§ **WHAT IS REQUIRED**
Each record, exactly as written, should be printed again.
[Start of Attachment]
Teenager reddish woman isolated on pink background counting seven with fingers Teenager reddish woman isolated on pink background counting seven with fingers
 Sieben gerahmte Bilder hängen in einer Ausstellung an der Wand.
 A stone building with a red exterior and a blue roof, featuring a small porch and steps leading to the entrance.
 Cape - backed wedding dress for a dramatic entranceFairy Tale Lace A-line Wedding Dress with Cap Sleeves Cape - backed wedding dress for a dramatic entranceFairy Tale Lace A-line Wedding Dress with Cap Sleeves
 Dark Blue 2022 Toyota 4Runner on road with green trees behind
[End of Attachment]
§ **SOLUTION BELOW**
Teenager reddish woman isolated on pink background counting seven with fingers Teenager reddish woman isolated on pink background counting seven with fingers
 Sieben gerahmte Bilder hängen in einer Ausstellung an der Wand.
 A stone building with a red exterior and a blue roof, featuring a small porch and steps leading to the entrance.
 Cape - backed wedding dress for a dramatic entranceFairy Tale Lace A-line Wedding Dress with Cap Sleeves Cape - backed wedding dress for a dramatic entranceFairy Tale Lace A-line Wedding Dress with Cap Sleeves
 Dark Blue 2022 Toyota 4Runner on road with green trees behind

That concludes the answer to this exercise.